What you need to do:
All lines from the one that contains "C.p. Company Long Sleeves Shirt In Blue" through the close of the entries below are to be repeated exactly, without any pictures.

Data supplied:
>>>>>

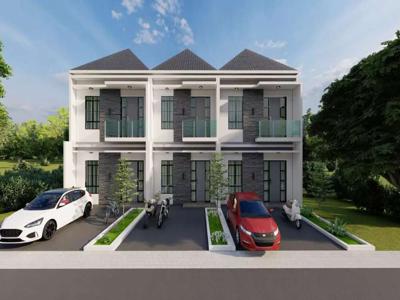 Dijual Rumah 2 Lantai Harga 500 Jutaan Cluster Tamansari Hill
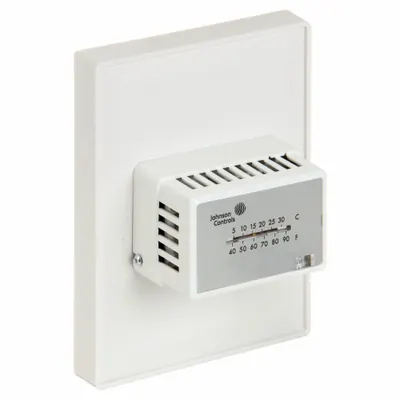 JOHNSON CONTROLS Pneumatic Thermostat Conversion Kit: Single Temp, T-4002-302 - Retrofit Kits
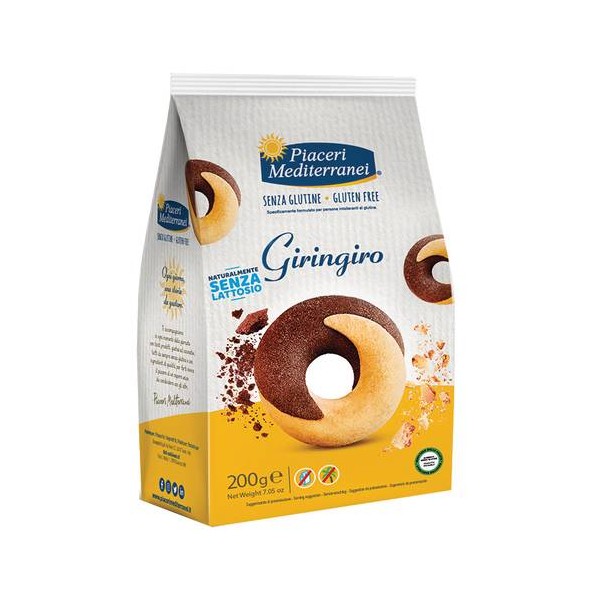 PIACERI MEDITERRANEI GIRINGIRO 200G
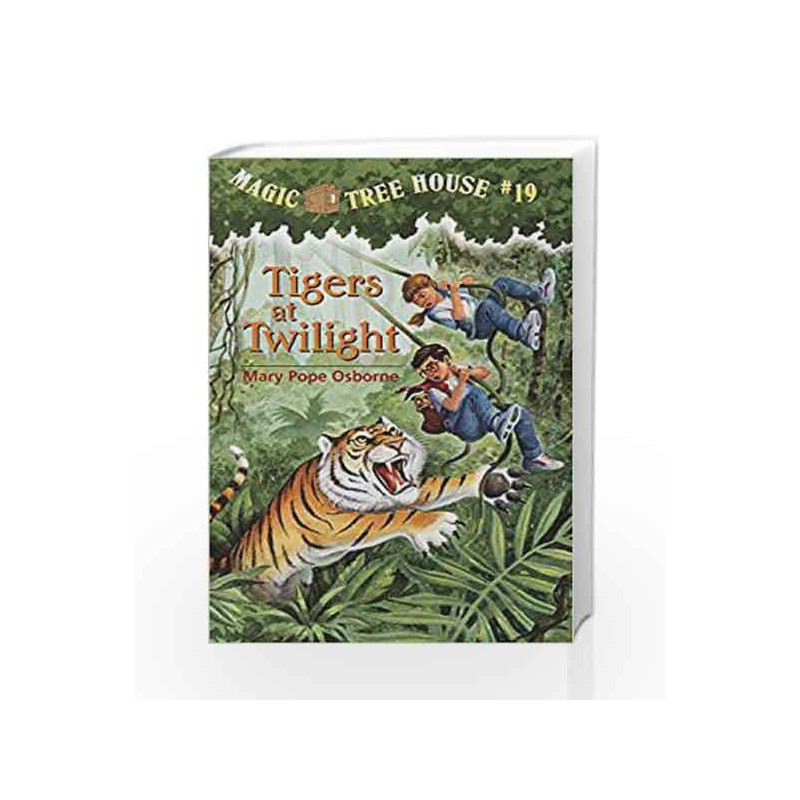 Magic Tree House #19: Tigers at Twilight (A Stepping Stone Book(TM)) (Magic Tree House (R)) by OSBORNE MARY Book-9780679890652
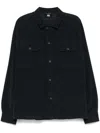 C.p. Company Long Sleeves Shirt In Blue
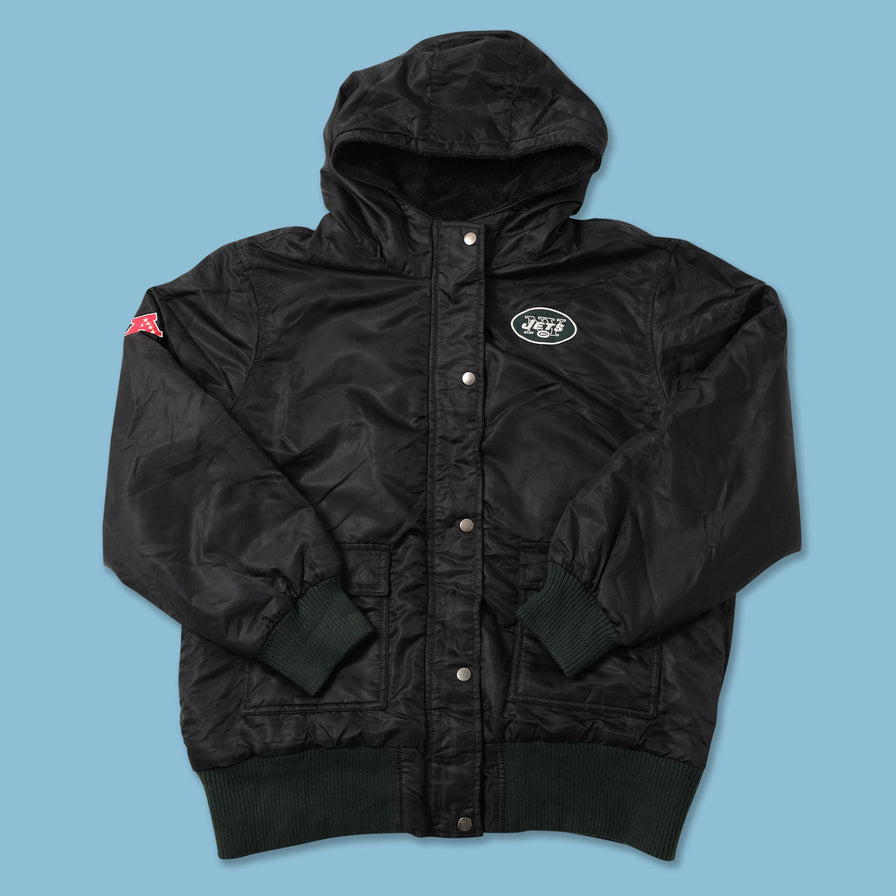 Vintage New York Jets Padded Jacket XLarge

<<<<<

Exercise answer:
 C.p. Company Long Sleeves Shirt In Blue
 Vintage New York Jets Padded Jacket XLarge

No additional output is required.